START INPUT DATA

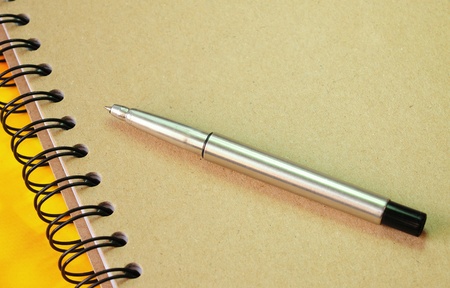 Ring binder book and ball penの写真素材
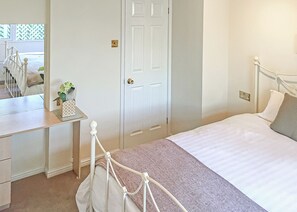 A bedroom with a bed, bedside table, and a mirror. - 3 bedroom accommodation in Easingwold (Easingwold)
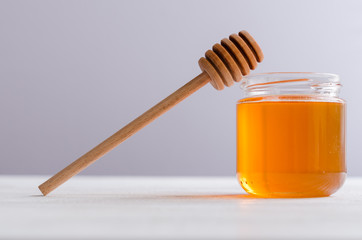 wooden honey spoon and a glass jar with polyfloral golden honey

END INPUT DATA
START INPUT DATA

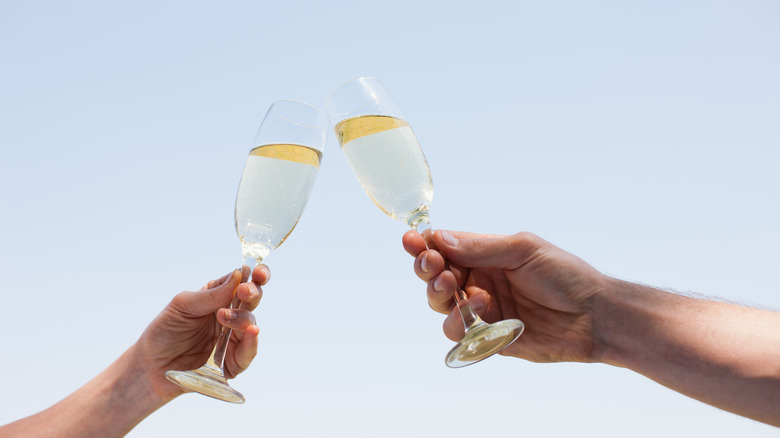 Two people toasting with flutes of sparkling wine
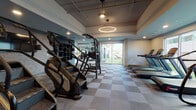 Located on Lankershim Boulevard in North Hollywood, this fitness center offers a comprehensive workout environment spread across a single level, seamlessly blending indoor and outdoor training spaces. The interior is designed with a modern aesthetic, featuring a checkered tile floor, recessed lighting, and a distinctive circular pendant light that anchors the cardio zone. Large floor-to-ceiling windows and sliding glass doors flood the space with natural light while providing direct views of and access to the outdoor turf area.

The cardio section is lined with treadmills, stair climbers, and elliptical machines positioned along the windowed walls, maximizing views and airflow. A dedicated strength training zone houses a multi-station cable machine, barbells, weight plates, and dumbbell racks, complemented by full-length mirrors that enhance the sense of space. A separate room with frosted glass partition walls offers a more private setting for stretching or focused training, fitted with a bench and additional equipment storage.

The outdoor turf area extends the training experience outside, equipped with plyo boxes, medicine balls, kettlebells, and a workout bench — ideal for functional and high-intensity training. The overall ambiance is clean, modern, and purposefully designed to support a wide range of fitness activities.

END INPUT DATA
START INPUT DATA

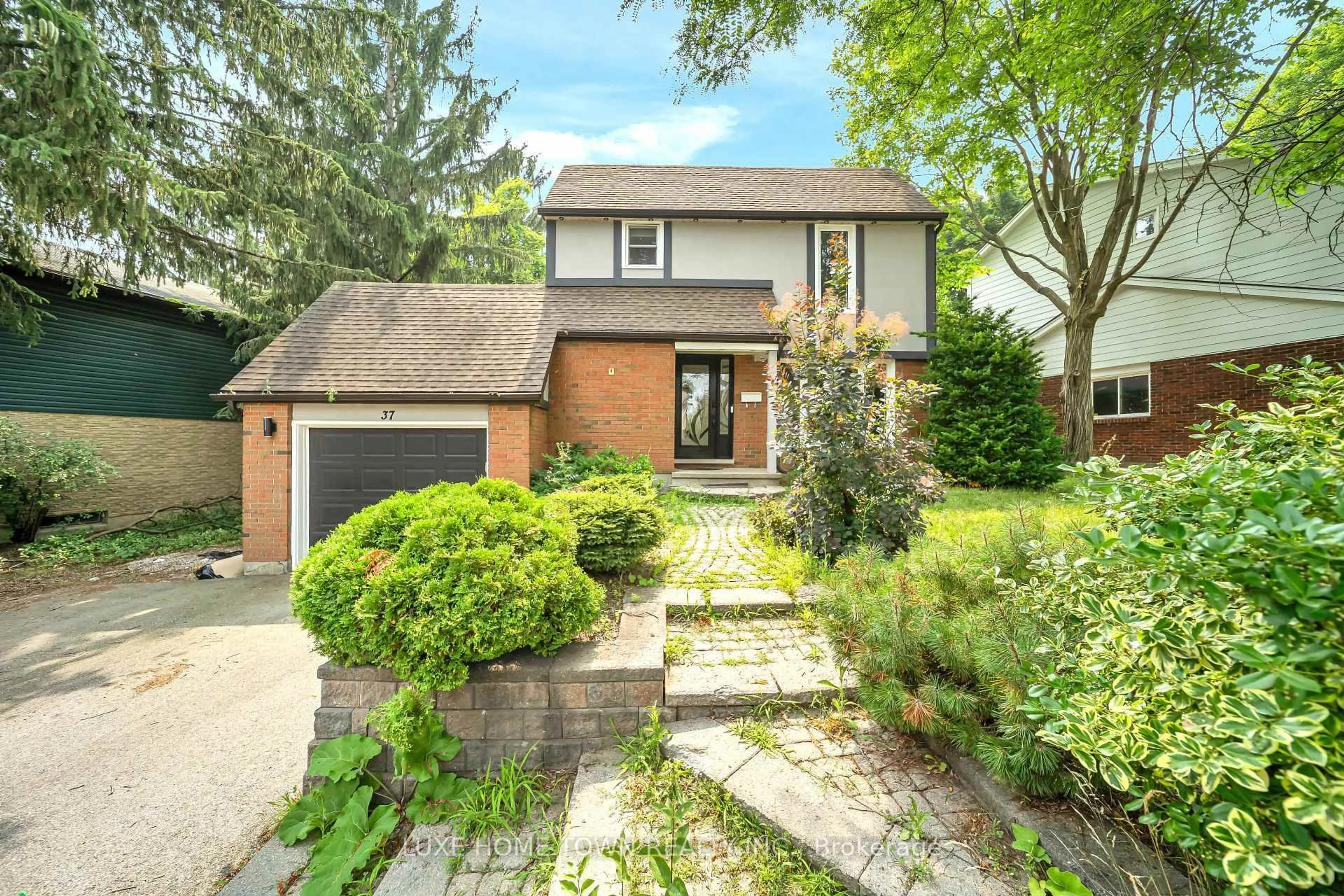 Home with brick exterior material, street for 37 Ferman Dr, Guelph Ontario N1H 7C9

END INPUT DATA

TO DO: Among the entries above, copy exactly the stretch from the line holding "A bedroom with" through the line holding "wooden honey spoon", leaving out any pictures.

OUTPUT FOR THIS TASK:
 A bedroom with a bed, bedside table, and a mirror. - 3 bedroom accommodation in Easingwold (Easingwold)
 wooden honey spoon and a glass jar with polyfloral golden honey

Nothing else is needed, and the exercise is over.